Every Girl Needs

  1.  You need a secret stash of money.  Sadly, it can’t be in a bank or investment account, because you will have to report that on your taxes, or when you apply for a mortgage, or when you buy a car, or whatever.  This is a stash of money that your partner does not know about.  Women in my mother’s generation used to shave a little bit off the “grocery allowance” that their husbands gave them.  It’s the money you will use to get away from him if he’s abusive, to pay for an abortion if he gets you pregnant, to help out your sister when he says, “No, she should have stayed with her abusive boyfriend.”  In the end, he’ll die before you and you can use the money for a lovely headstone and perpetual flowers.
  2. Don’t let him take that picture and don’t you take it and send it to him.  Yes, I know.  We’re all pretty modern and sophisticated.  He says that if you really love him and really trust him, you’ll let him do it.  Say no.  There is literally no way that this ends well and, someday — when you are applying for the divorce you just know right now will never happen, when you go through the break up that you just know right now is impossible, when you are trying to start a business, or run for office, or to get a loan that right now you know would never be necessary — someday you will not be sick to your stomach when those pictures don’t surface.
  3. Make him explain it to you before you sign it.  The more he insists that you just sign the tax return, loan application, mortgage, etc. the more you need to insist that he (or his accountant, lawyers, partner, etc.) explain ever single figure to you.  With my abusive ex-husband, I used to keep saying, “Sorry to be so stupid, but I don’t understand.  What is this figure?”  Eventually, they may decide to do it without you, which is better, or to just not do it (better still).  But do not sign what you don’t understand, can’t verify, aren’t able to corroborate.  I know.  You love him.  He would never compromise you.  He wants you to show that you “trust him.”  If all of that were true, he’d satisfy you before asking you to sign.
  4. When he insists that if you just “trusted him” you’d send him those pictures, sign that form, transfer those funds, etc., and you can’t hold out, agree, but only if he’ll show that he “trusts you” by giving you the password to his bank account.  After all, fair is fair.  You’re going to trust him with a picture that could get you fired, get custody of your kids taken from you, make it impossible for you to run for office.  So he should trust you with his bank account.  If you’re going to trust that he won’t get mad, or get drunk and brag to his friends, or make a mistake when he hits send, well, then, he should be willing to trust the same for you.  If he’s unwilling, well, then, so are you.
  5. How fast could you put your hands on your passport, on cash, on your mortgage, on your health insurance manual and cards, on the deed to your house, on you last joint tax return?  Is there a reason why you and a girlfriend can’t store those for each other in an easily-to-grab redweld?  Look, of course, you’re right.  He loves you and you’ll never need these.  All the more reason why it should be simple for you to stash these with a sister, girlfriend, lawyer.
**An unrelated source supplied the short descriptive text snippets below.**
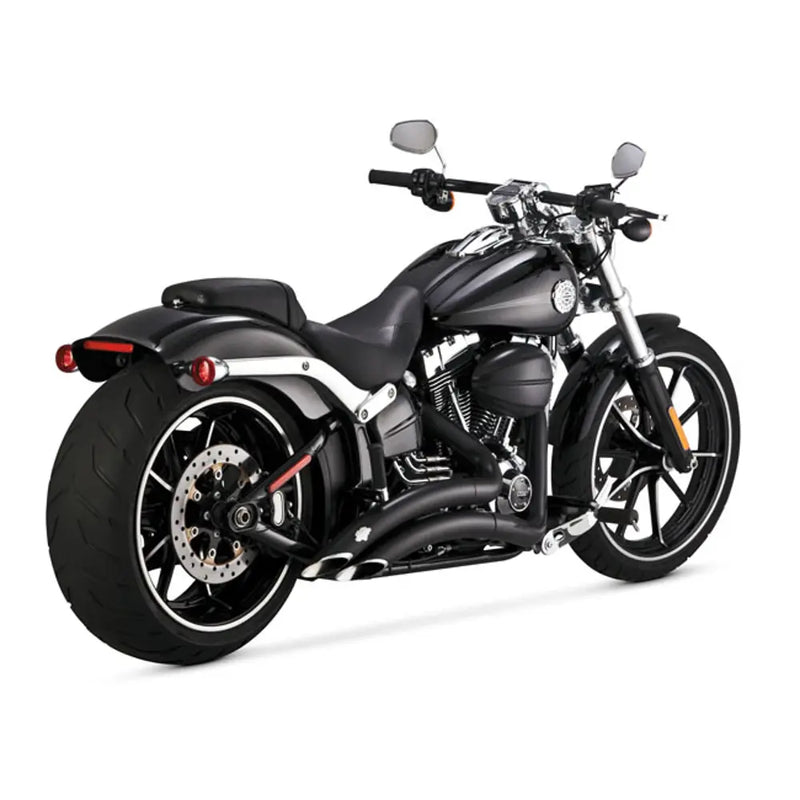 Vance & Hines Echappement Big Radius pour Harley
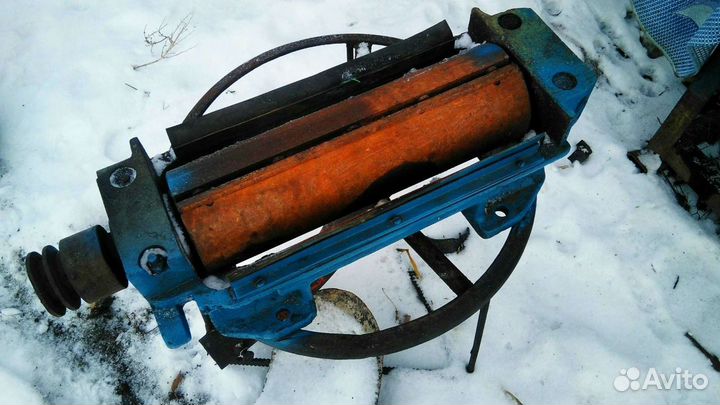 Вал для циркулярки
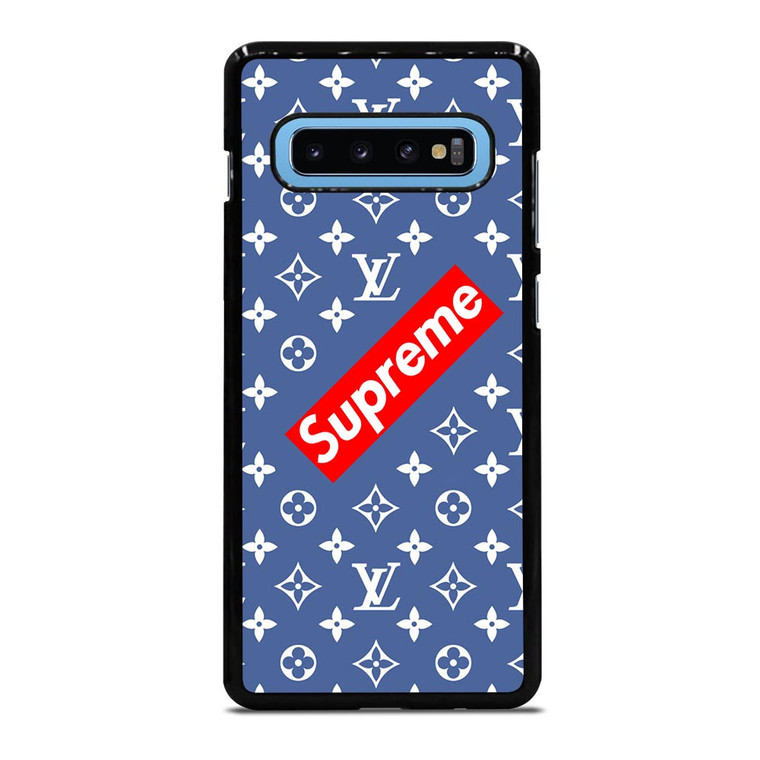 NEW SUPREME PATTERN Samsung Galaxy S10 Plus Case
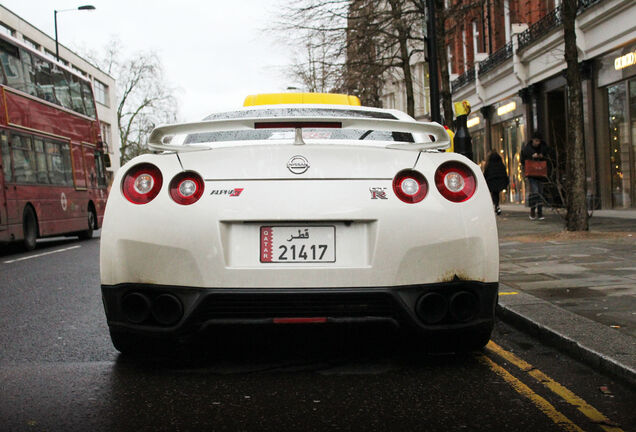 Nissan GT-R 2014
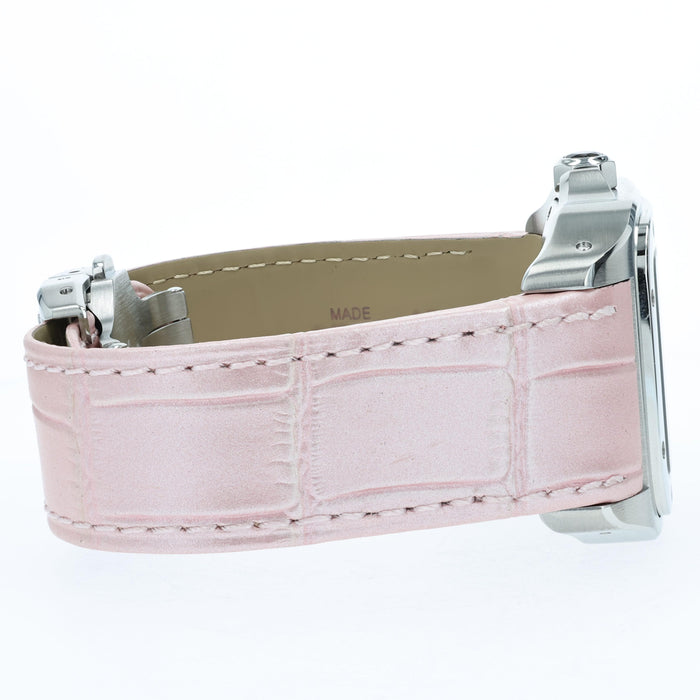 Cartier Santos 100 Medium Automatic Stainless Steel W20126X8 2878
9 responses to “Every Girl Needs

  1. Meredith Sterling

    I made sure with my ex-husband that I was the one who ‘paid the bills’ — just wrote out the checks, etc.; we both earned the money. But, when I needed to leave him, he’d become so complacent and entitled that someone was taking care of this little housekeeping chore for him, that I could neatly divide the accounts and open another one in my name only and then and only then (with the county sheriff’s phone # memorized) did I tell him good-bye… Loved this article. It is all Truth.

  2. More women need to know to do this. My mom’s generation and before did, but women these days don’t seem to.
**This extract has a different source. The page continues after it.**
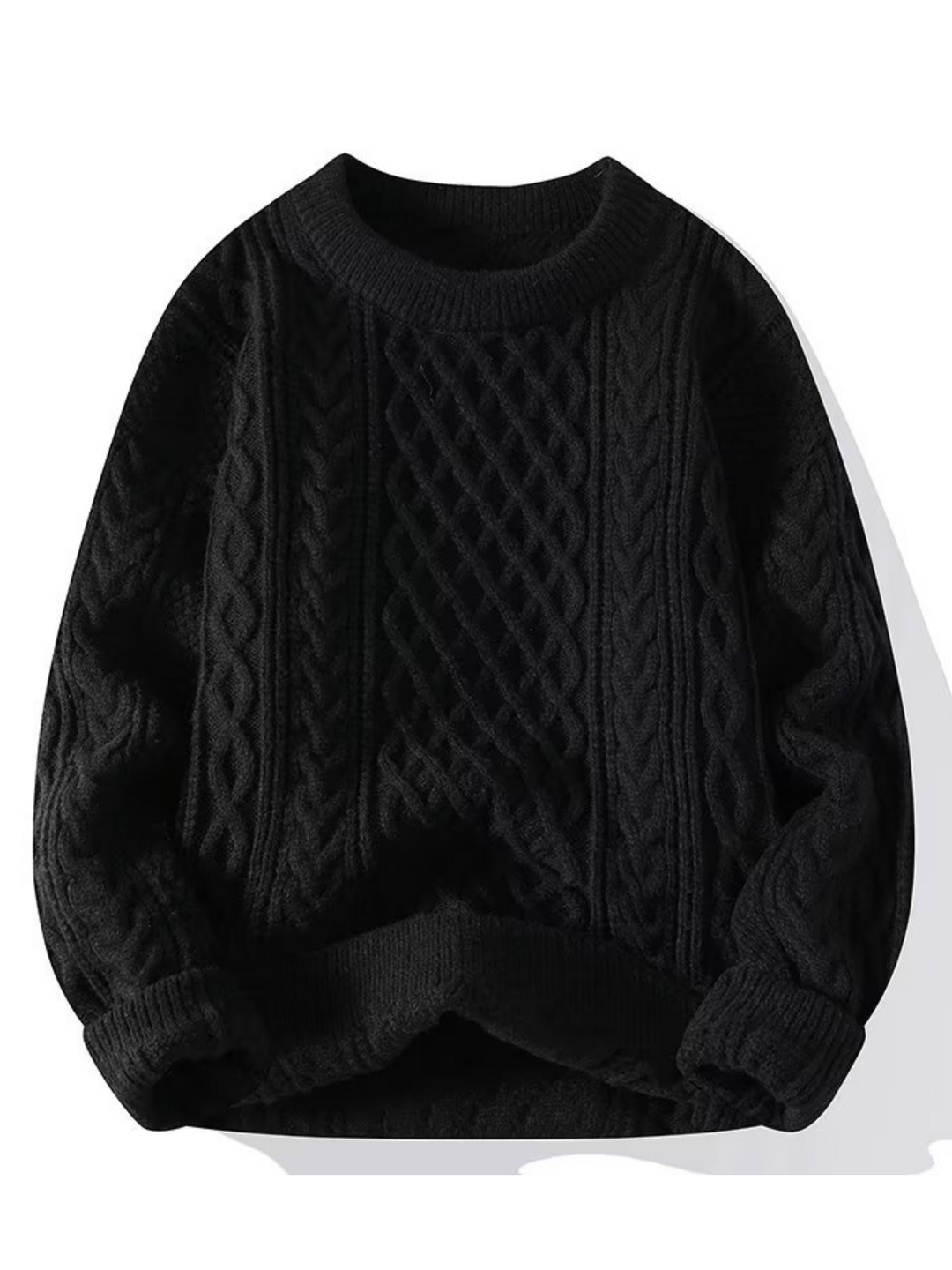 Drune | Wollpullover für Damen - Wärme und Atmungsaktivität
  3. I’ve lived alone now for many years but I still live like this. I still have a secret stash of cash, I can get my important paperwork in a flash & all my other important paperwork & photos are on flashdrive & can be slipped into my pocket. It’s not fleeing a man I’m thinking about now; it’s if the house is on fire. I’m always prepared. It’s a kind of PTSD.

  4. Reblogged this on silverapplequeen and commented:

  5. Yes. We owed a small newspaper jointly, and my name was on a lot of stuff as the responsible party. His wasn’t. It took me years to pay off the IRS and other creditors.I’m older and wiser now—for one thing, I’m not married and won’t be again.

  6. Sorry, that’s *owned*, not *owed*. (Could have sworn I proofread this!)